The military returned to the area on Thursday, an hour after this writer contacted Police Headquarters in Nairobi and the area Provincial Administration.

This writer had visited the area last week and seen decomposing bodies, some concealed by residents who feared security personnel could destroy them to cover up evidence.

“This is our blood, we cannot let his body be destroyed. We have to bury him lest a curse befalls the community,” said a woman who refused to reveal the identity of a dead man for fear of the military.

“It will be prudent to the families who have identified bodies of relatives to make formal reports to police so that forensic tests can be done,” said Mr Wahong’o.

The military camp at Meza was closed when the Government scaled down its presence in Mt Elgon after the SLDF had been routed.

There were several other camps, but the the main one was at Kapkota, less than a kilometre from Toroso High, where slain militia leader Wycliffe Komon Matekwei went to school in 1999.

“The military has been combing the area since yesterday,” said Kroida Bajune, a lawyer for a family searching for four of its members who surrendered to the military at Kapkota but have disappeared.

The family of 55-year old patriarch Sospeter Chebkwesi Cherop went to court to seek his release, together with that of his three cousins. Last week, herders stumbled on bodies that had clothes similar to those the four had been wearing.

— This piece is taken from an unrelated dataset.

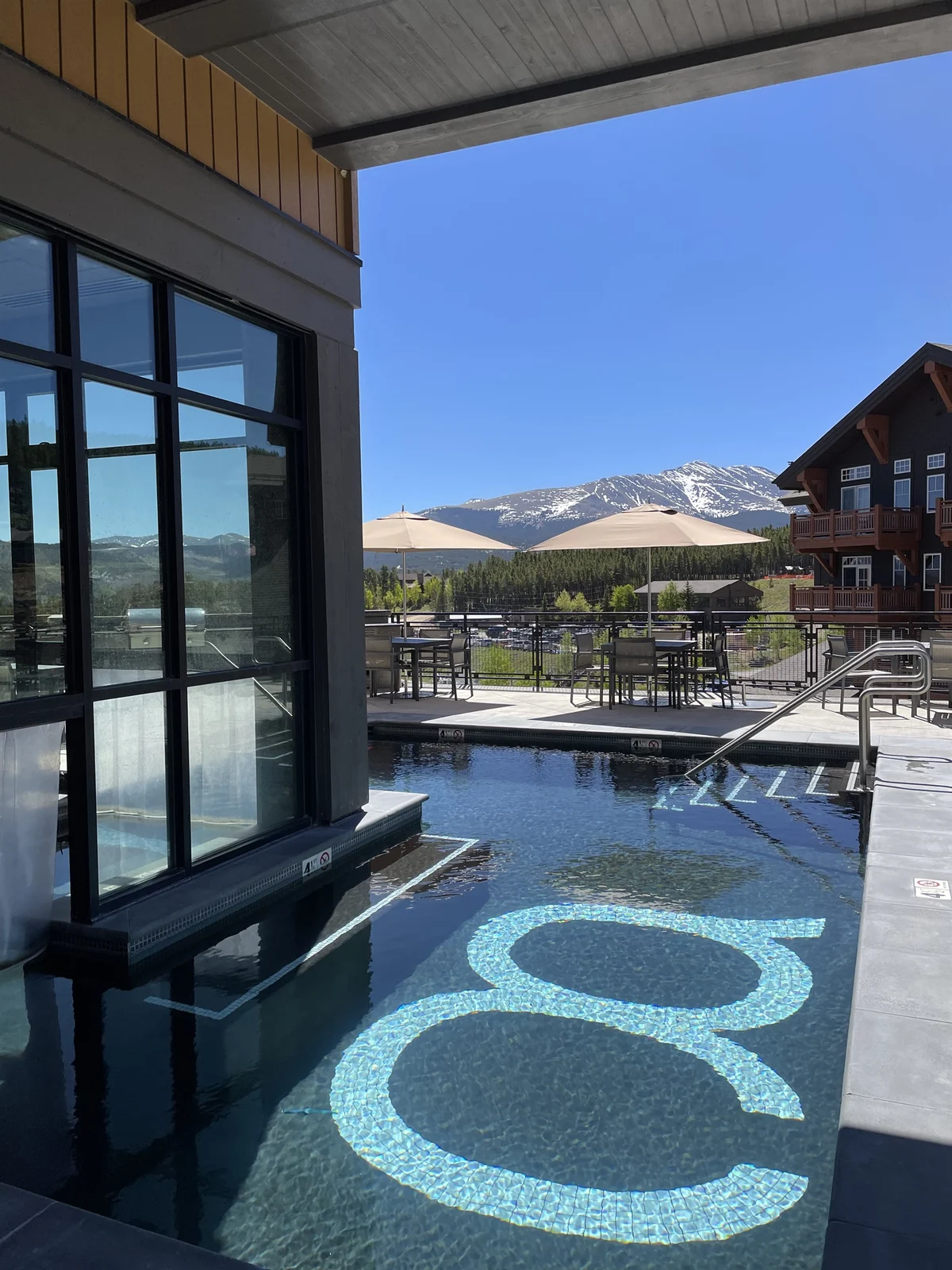 Grand Colorado on Peak 8 - 2 bedroom Colorado #2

“We saw the soldiers with huge flashlights at dawn,” said a resident at Kaberwa, a village at the foot of Kamarang’ Hill. “We fear they will force us to produce the bodies and ensure we do not talk to the media and human rights groups. They recently arrested one of our boys who had taken a lawyer to the scene.”

The soldiers were still combing the area when this writer returned last Friday.

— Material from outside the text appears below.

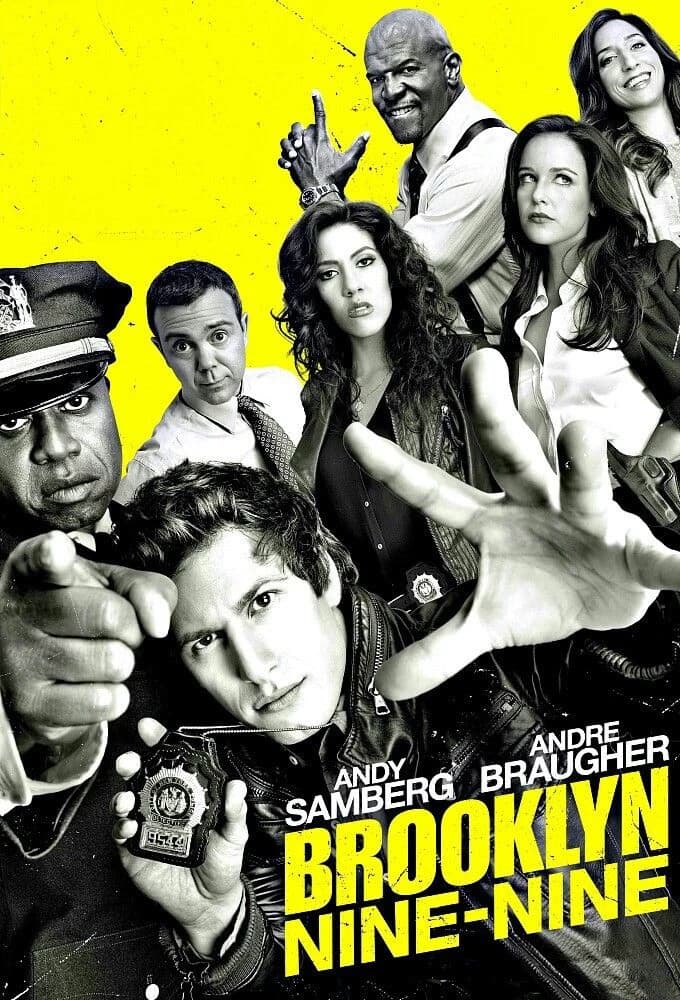 BROOKLYN 99 thumbnail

In Kaberwa, at least 10 suspects are feared to have died at the hands of soldiers at Kapkota. Four were members of one family (see related story in this special coverage). Their kin could not locate them although records at the Chesikaki Police Station show that the suspects were “booked out” — a euphemism for handed over — to the military.

A source at the Kapkota Military Base said. “The reports have caused so much discomfort here. There is panic. People have been sent to sort out the mess.”

A woman whose son she says surrendered to the military during the early days of the operation and who has vanished, took this writer to the Kamarang’ Hills and identified a body that, she said, had clothes similar to those of her son. Four other skulls were strewn around the area, covered with thick grass.

“This was the breadwinner of the family. We all looked up to him. He was a good boy. Now he is gone; killed by the soldiers,” the woman said, as she picked up the skull with her bare hands. “Will I ever get the chance to bury him?” she asked.

The previous day, lawyer Bajune, a number of families who suspected the bodies belonged to their kin and a team from the Independent Medico-Legal Uniled by Dr Walter Nalianya had also visited the scene and taken pictures.

“We discovered five skulls and a number of body parts,” said Dr Nalianya. “The brain was decomposing on one of the skulls while tissue such as muscles, could be seen on the others. This means the bodies have not been there for long. They were three to four months old.”

The area provincial administration said it was unaware of the bodies but suspect they were dumped there by the SLDF.

“I have not heard about the bodies. But when it comes to issues of Mt Elgon, you journalists must be fair and independent. The skulls you say you have discovered could be (the work of) SLDF,” said Mohamed Ali Birik, the District Commissioner, Mt Elgon.

“The military has not been associated with any form of atrocities. In fact, members of the public know that the area is more secure than before. The military has brought peace.”